→ **What you need to do**: Your answer must be a word-for-word copy of the listing, with all pictures excluded.

→ **Dataset extract**:
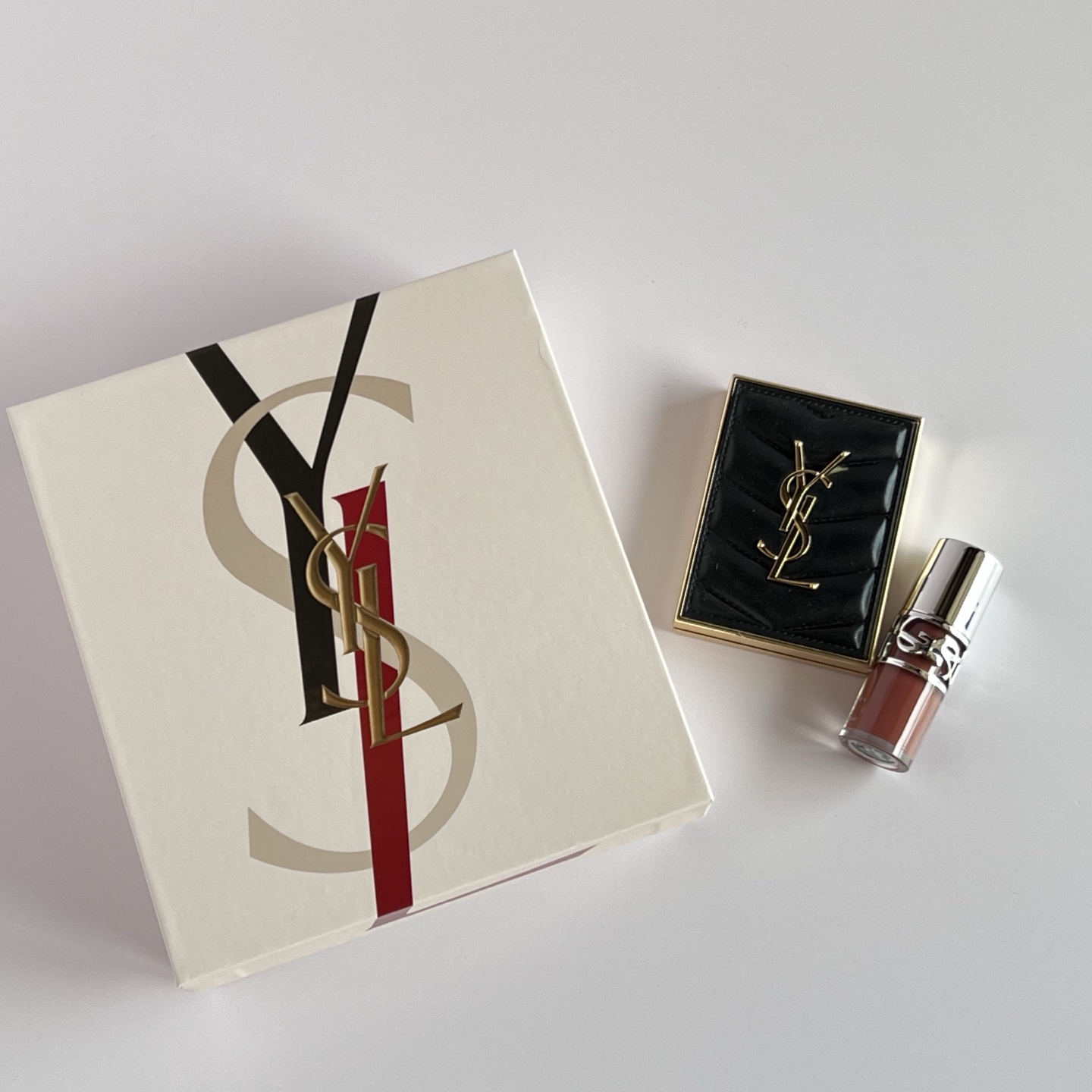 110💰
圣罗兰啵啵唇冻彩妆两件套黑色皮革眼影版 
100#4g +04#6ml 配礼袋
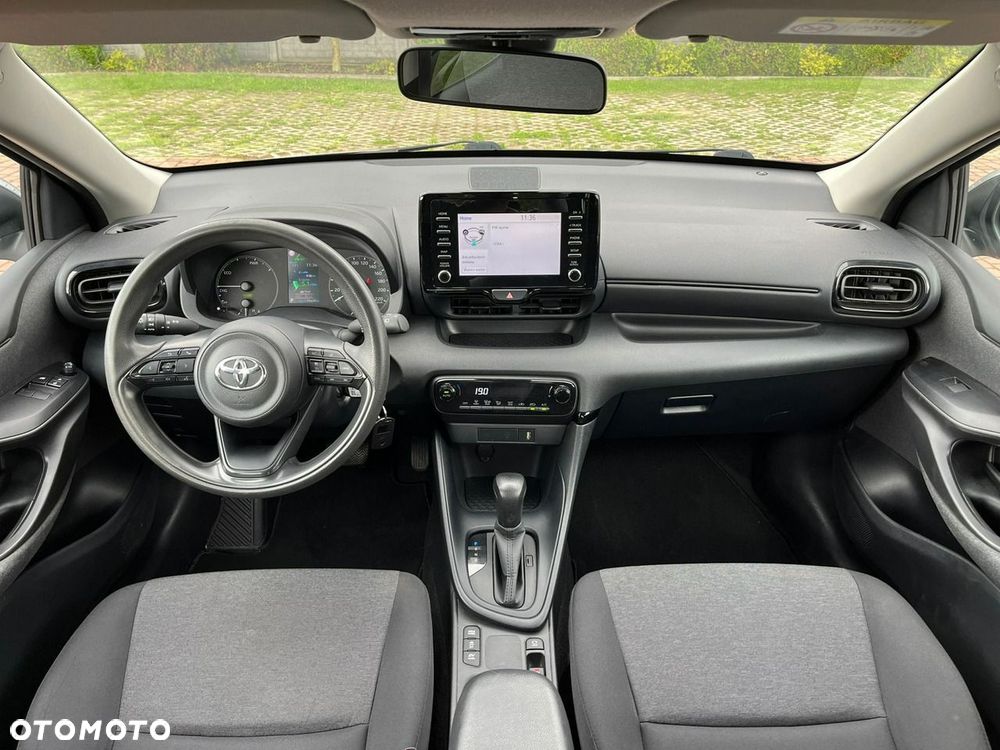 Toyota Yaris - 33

→ **Solution below**:
 110💰
圣罗兰啵啵唇冻彩妆两件套黑色皮革眼影版 
100#4g +04#6ml 配礼袋
 Toyota Yaris - 33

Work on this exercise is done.